The Amarok has never really sat comfortably within the VW line-up globally, with its relative success in Australia coming as a surprise to VW HQ. While Volkswagen has a line of commercial products including the Crafter van, the Amarok sits just outside that stable.
Partnering with Ford means that VW won’t have to spend mountains of cash to design a new platform for a ute that can handle all the electronic aids and passive safety gear that Aussie customers – and worldwide safety bodies – have come to expect from dual-cab utes.
As well, Ford is selling the Australian-designed T6 Ranger into the US, so the next generation will most certainly offer a left-hand-drive option, making the process of adding the Amarok to dealerships in the US, Europe and even China a whole lot easier.
Holden and Isuzu
The two companies collaborated in the late 1990s and early 2000s on what became known as the Holden Rodeo here in Australia. The two companies worked together until 2008, when Isuzu created its own company locally to sell the ute as the Isuzu D-Max.
Holden rebranded its ute the Colorado, and while the two companies no longer work together, the current Colorado still shares a lot of its DNA with the D-Max, though it’s been substantially redeveloped since then.

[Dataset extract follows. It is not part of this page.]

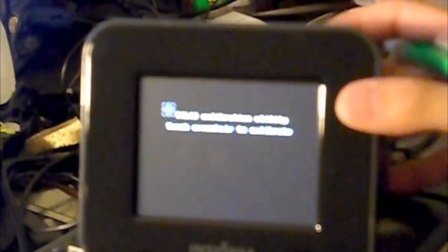So after the Chumby has boot up for the first time you'll be asked to calibrate the touch screen.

Unfortunately, the local development work done on the Colorado all came to naught, after GM pulled the pin on the Holden brand in Australia.

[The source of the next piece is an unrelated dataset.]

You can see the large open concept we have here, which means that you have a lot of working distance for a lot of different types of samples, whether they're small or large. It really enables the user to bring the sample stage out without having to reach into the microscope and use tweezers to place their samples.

The Colorado itself also passed into history at least in right-hand-drive form, after GM sold off the Thai factory where it was made and ceased sales into Thailand and Asia, where it was branded as a Chevrolet (below).
With bespoke sheet metal on the outside, individual bundles of technology and, of course, unique badging, you may not ever know just how much one ute model has in common with another.
The important thing is that continued manufacturer collaborations will safeguard the flow of new utes and lots of choice for our insatiable one-tonne market.